Затем Бабасахиб сделал сироте величайший в его жизни подарок, сообщив ему, что с ним хочет встретиться легендарный киномагнат, господин Д. В. Рама; для прослушивания.
— Это только для виду, — заверил Бабасахиб. — Рама — мой хороший друг, и мы уже всё обсудили. Небольшая роль для начала, потом всё будет зависеть от тебя. Теперь иди с глаз долой и прекрати корчить такую скромную рожу, это тебе не идёт.
— Но, дядя…
— Парень вроде тебя — чересчур смазлив, чтобы всю жизнь таскать тиффины на башке. Сгинь теперь, иди, становись педерастичным киноактёром. Я уволил тебя пять минут назад.
— Но, дядя…
— Я сказал. Благодари свои счастливые звёзды.
Он стал Джабраилом Фариштой, но ещё лишь через четыре года он станет звездой; пока же он отрабатывал своё ученичество, играя второстепенные роли в пошловатых комедиях. Он оставался спокойным, неторопливым, словно бы мог заглянуть в будущее, и очевидная нехватка у него амбиций сделал его своего рода аутсайдером этой самой располагающей к карьеризму индустрии. Его считали глупым, высокомерным или то и другое сразу. И за все четыре года своего отчуждения он ни разу не поцеловал женщину в губы.

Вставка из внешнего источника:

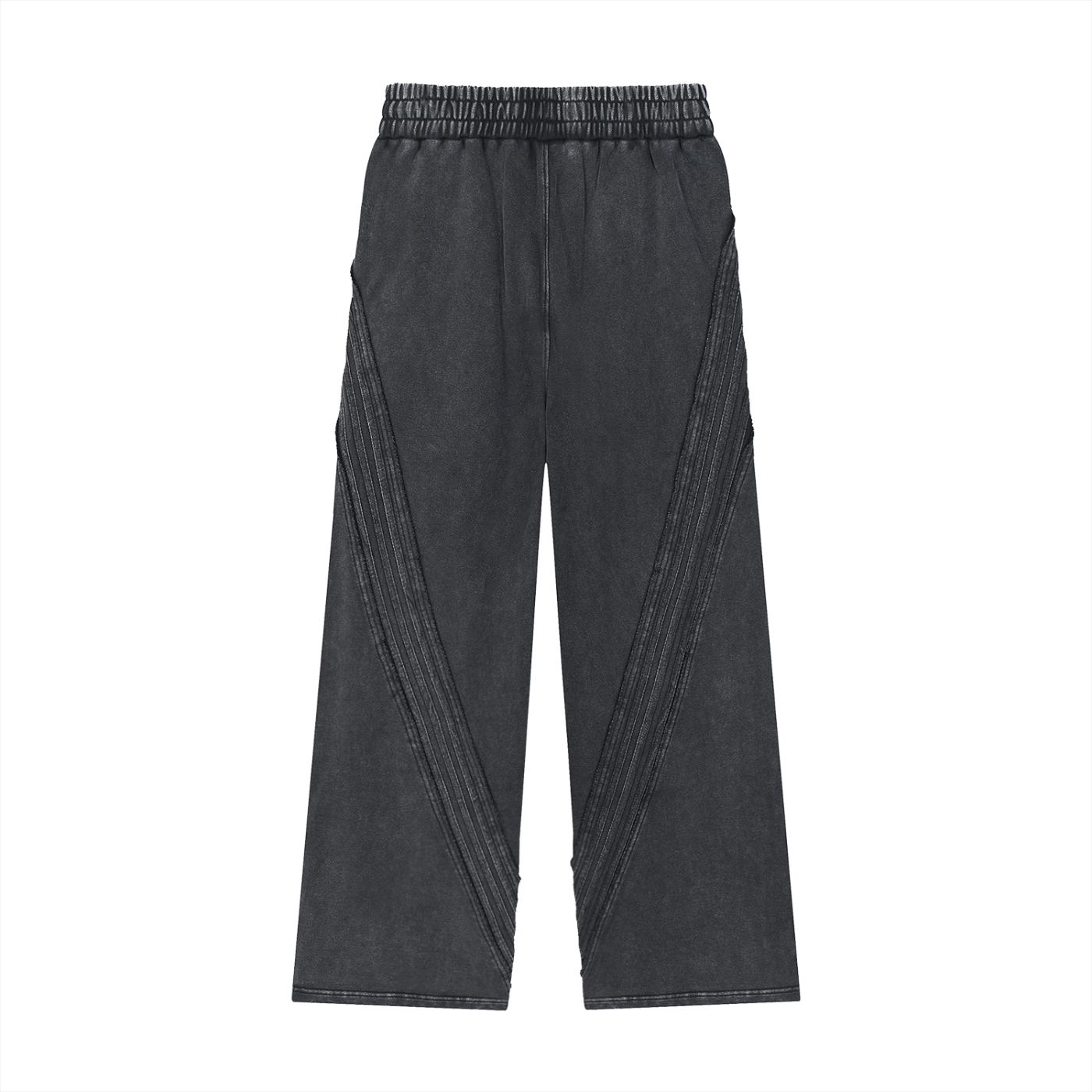 Sweatpants,Pants,Commonfit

В кадре — он играл пропащего парня, идиота, любящего красавицу и неспособного понять, что она не подойдёт к нему и через тысячу лет, забавного дядюшку, бедного родственника, деревенского дурачка, слугу, неумелого мошенника, — в общем, все те роли, для которых никогда не предполагаются любовные сцены. Женщины пинали его, лепили ему пощёчины, дразнили его, смеялись над ним, но никогда на киноплёнке не смотрели на него, не пели ему, не танцевали вокруг него с киношной любовью в глазах. За кадром — он жил один в двух пустых комнатах возле студии и пытался представить, на что похожи женщины без одежды. Чтобы отвлечь свой ум от предмета любви и желания, он учился, становясь всеядным самоучкой, пожирающим метаморфические мифы Греции и Рима: об аватарах Юпитера, о мальчике, ставшем цветком, о женщине-паучихе, о Цирцее{72} — всё подряд; и теософию{73} Анни Безант{74}, и единую теорию поля{75}, и инцидент с сатанинскими стихами в начале карьеры Пророка, и политику Мухаммедова гарема после триумфального возвращения в Мекку{76}; и сюрреализм газет, в которых бабочки могли влетать во рты молодых девочек в стремлении быть проглоченными, и о детях, рождённых без лиц, и о маленьких мальчиках, грезящих о невероятных деталях прежних инкарнаций — например, о золотой крепости, набитой драгоценными камнями. Он наполнял себя бог знает чем, но в короткие часы своих бессонных ночей не мог отрицать, что был полон чем-то, чем никогда не пользовался, о чём и не знал, как использовать это, — то есть любовью. В грёзах он был истязаем женщинами невыносимой сладости и красоты, и потому, просыпаясь, он заставлял себя репетировать что-нибудь из генерального сценария, заслоняя трагическое чувство своей более-чем-необычной вместимости для любви и будучи лишённым хоть единственного человека на земле, которому он мог бы предложить её.